Since it cost so much to fly back in the day, there weren’t that many people who cared what it cost. Summer family vacations to me when I was a kid meant getting in the back of the car.

And why were prices so high? Because that’s just how the government wanted it.

Jimmy Carter doesn’t get too many accolades for the time he spent in the White House. But we can definitely thank him for saving two industries:

  • The beer industry. (It’s true, trust me. All that great microbrew we enjoy today is because of him).
  • The airline industry.

Before 1978, bureaucrats at the Civil Aeronautics Board told airlines not only where to fly, but how much to charge. How many know that it was illegal in 1974 for an airline to charge less than $1,400 in inflation-adjusted dollars for a flight between New York and Los Angeles?

This wasn’t so unusual back then. After all, someone called “Ma Bell” not only owned the nation’s phone lines, but her motherly embrace even reached right through the walls, too, since she owned the rotary-dial phones inside everyone’s homes.

But the COB wasn’t nimble enough to deal with the effects of the oil embargo and the energy crisis of the 1970s. And that was pretty much that. Deregulation worked and the price to fly slowly but surely become affordable for all. No more would my younger self fight with my sister on the two-day drive to Miami. No, I could fight with her aboard the three-hour flight to Miami!
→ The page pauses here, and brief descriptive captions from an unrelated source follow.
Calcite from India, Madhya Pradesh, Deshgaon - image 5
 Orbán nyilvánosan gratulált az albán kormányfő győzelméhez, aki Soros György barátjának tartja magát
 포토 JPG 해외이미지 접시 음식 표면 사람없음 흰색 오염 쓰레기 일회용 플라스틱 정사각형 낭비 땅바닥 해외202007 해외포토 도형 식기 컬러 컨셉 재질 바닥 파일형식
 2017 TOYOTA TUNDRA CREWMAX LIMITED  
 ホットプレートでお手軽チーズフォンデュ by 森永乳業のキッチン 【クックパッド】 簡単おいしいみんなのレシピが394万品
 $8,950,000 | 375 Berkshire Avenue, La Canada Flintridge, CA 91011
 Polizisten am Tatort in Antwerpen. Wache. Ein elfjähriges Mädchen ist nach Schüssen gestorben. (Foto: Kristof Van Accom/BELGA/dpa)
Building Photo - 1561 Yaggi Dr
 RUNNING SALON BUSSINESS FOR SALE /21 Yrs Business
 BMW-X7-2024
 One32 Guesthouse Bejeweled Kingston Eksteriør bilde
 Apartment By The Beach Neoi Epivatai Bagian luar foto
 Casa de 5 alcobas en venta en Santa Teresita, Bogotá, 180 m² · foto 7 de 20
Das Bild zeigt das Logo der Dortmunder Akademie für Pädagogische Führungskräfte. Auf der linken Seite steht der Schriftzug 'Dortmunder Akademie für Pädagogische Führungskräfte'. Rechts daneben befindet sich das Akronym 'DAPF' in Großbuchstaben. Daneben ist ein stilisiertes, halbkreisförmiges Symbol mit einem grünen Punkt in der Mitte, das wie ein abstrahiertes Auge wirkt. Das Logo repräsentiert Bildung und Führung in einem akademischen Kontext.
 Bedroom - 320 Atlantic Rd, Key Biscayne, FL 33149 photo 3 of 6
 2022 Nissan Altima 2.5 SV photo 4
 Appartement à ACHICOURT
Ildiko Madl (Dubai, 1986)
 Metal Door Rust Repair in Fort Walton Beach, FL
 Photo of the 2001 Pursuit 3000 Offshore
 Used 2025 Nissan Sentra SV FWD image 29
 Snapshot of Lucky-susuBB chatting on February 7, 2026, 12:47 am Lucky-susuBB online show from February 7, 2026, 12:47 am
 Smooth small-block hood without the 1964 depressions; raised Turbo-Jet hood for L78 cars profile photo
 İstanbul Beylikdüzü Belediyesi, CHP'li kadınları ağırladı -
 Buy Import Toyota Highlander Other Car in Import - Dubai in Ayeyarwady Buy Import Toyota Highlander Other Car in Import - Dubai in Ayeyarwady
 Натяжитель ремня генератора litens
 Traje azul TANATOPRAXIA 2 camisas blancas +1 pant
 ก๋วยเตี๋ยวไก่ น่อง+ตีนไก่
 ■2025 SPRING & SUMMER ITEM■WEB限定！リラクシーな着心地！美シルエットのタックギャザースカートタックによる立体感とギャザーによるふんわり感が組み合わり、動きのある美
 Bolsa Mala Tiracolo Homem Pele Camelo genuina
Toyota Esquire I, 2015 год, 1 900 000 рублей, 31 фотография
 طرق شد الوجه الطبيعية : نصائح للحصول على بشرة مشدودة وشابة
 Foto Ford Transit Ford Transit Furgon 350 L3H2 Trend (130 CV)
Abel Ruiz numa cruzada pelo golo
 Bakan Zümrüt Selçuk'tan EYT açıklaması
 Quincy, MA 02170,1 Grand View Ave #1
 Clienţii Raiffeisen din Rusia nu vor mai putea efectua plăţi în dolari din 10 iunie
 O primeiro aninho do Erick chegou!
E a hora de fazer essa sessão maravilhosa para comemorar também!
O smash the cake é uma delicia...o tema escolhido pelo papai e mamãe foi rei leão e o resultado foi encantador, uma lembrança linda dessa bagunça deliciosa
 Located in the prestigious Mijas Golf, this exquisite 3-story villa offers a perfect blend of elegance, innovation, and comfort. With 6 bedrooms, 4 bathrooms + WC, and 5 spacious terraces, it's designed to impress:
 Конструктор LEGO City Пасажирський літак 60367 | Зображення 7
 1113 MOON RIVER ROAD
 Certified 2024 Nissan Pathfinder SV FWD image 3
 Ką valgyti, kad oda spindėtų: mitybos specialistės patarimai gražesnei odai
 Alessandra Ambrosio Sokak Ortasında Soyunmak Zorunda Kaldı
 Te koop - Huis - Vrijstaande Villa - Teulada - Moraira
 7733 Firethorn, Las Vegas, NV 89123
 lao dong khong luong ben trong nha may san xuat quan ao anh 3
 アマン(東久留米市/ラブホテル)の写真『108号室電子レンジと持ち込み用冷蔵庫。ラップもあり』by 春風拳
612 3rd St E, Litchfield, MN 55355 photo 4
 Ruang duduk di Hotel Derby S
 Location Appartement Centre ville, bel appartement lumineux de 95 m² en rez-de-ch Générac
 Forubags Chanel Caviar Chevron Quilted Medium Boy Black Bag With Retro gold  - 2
Consider what deregulation did for the passenger airline business. In 1965, only 20 percent of Americans had ever flown on a plane. By 2000, half took at least one flight a year. Passenger numbers tripled between the 1970s and 2011.

Airlines, while not guaranteed a profit by the government, certainly learned quickly how to game the system. Everyone on the same flight to Omaha it would seem should pay the same fare. After all, we’re all leaving and arriving on the same plane at the same times on the same tank of gas. But we all know that the guy sitting next to you might the sucker who spent hundreds more than you or could be the spendthrift who would look upon you with great pity.

So how much “should” it cost to Omaha? It’s anybody’s guess. The mega-merger between US Airways and American means one less competitor. But it’s already been a race to the bottom for years now. Since 9/11, 47 airlines declared bankruptcy.

Evidently, those “cheap” airfares no one appreciates might be a thing of the past, anyway. Over the past few years, the airlines have tacked on another $6 billion in fees annually for everything from checked-bags to a seat in the emergency row.

According to aviation consultant, Boyd Group International, the average true price of a one-way airline ticket – what’s ultimately on your Amex – has increased by nearly 30 percent since 2008. Federal fees and taxes push that price up 12.5 percent, but the full cost includes fees for what used to free.